Let $\mathit{I}_{k}(h_{1},h_{2})=\frac{1}{C}*||h_{1}(x_{k})-h_{2}(x_{k})||_{1}$ denote the difference of two hypothesis $h_{1}$ and $h_{2}$ on instance $x_{k}$ , then the disagreement of $h_{1}$ and $h_{2}$ on the dataset $D$ can be rewritten as:

\epsilon_{D}(h_{1},h_{2})=\frac{1}{|D|}\sum_{i=1}^{|D|}\mathit{I}_{i}(h_{1},h_{2})

Based on the Definition 2, the $H\Delta H$ distance between $D_{1}$ and $D_{2}$ is as below:

d_{H\Delta H}(D_{1},D_{2})=2\mathop{sup}\limits_{h_{1},h_{2}\in\mathcal{H}}|\epsilon_{D_{1}}(h1,h2)-\epsilon_{D_{1}}(h1,h2)|

(16)

Expanding the item $\epsilon_{D_{1}}(h1,h2)$ and $\epsilon_{D_{1}}(h1,h2)$ , we can obtain:

	$\displaystyle\|\epsilon_{D_{2}}(h1,h2)-\epsilon_{D_{1}}(h1,h2)\|$
	$\displaystyle=\|\frac{1}{\|X_{2}\|}\sum_{x_{i}\in X_{2}}\mathit{I}_{i}(h_{1},h_{2})-\frac{1}{\|X_{1}\|}\sum_{x_{i}\in X_{1}}\mathit{I}_{i}(h_{1},h_{2})\|$
	$\displaystyle=\|\frac{\|X_{1}\|}{\|X_{2}\|}*\frac{1}{\|X_{1}\|}\sum_{x_{i}\in X_{1}}\mathit{I}_{i}(h_{1},h_{2})$
	$\displaystyle\quad+\frac{\|\bar{X}_{1}\|}{\|X_{2}\|}*\frac{1}{\|\bar{X}_{1}\|}\sum_{x_{k}\in\bar{X}_{1}}\mathit{I}_{i}(h_{1},h_{2})$
	$\displaystyle\quad-\frac{1}{\|X_{1}\|}\sum_{x_{i}\in X_{1}}\mathit{I}_{i}(h_{1},h_{2})\|$
	$\displaystyle=\|\frac{1}{\|X_{2}\|}\sum_{x_{k}\in\bar{X}_{1}}\mathit{I}_{k}(h_{1},h_{2})$
	$\displaystyle\quad-\frac{\|X_{2}\|-\|X_{1}\|}{\|X_{2}\|}\cdot\frac{1}{\|X_{1}\|}\sum_{x_{i}\in X_{1}}\mathit{I}_{i}(h_{1},h_{2})\|$
	$\displaystyle=\frac{1}{\|X_{2}\|}\|\sum_{x_{k}\in\bar{X}_{1}}\mathit{I}_{k}(h_{1},h_{2})$
	$\displaystyle\quad-\frac{\|\bar{X}_{1}\|}{\|X_{1}\|}\cdot\sum_{x_{i}\in X_{1}}\mathit{I}_{i}(h_{1},h_{2})\|$
	$\displaystyle=\frac{\|\bar{X}_{1}\|}{\|X_{2}\|}\|\epsilon_{\bar{D}_{1}}(h_{1},h_{2})-\epsilon_{D_{1}}(h_{1},h_{2})\|$		(17)

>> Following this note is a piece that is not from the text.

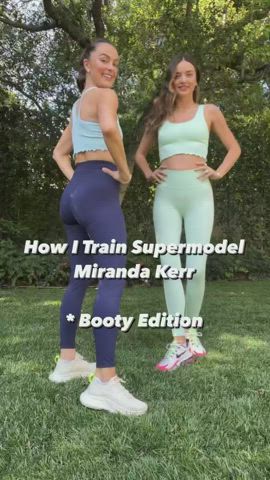 Miranda Kerr Spandex Workout gif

where $\bar{X}_{1}$ is the complement set of $X_{1}$ in $X_{2}$ , i.e, $\bar{X}_{1}=X_{2}-X_{1}$ . Correspondingly, $\bar{D}_{1}=\{(x_{i},y_{i})|(x_{i},y_{i})\in D_{2}\textnormal{ and }x_{i}\in\bar{X}\}$ , and thus $|\bar{X}_{1}|=|\bar{D}_{1}|$ holds.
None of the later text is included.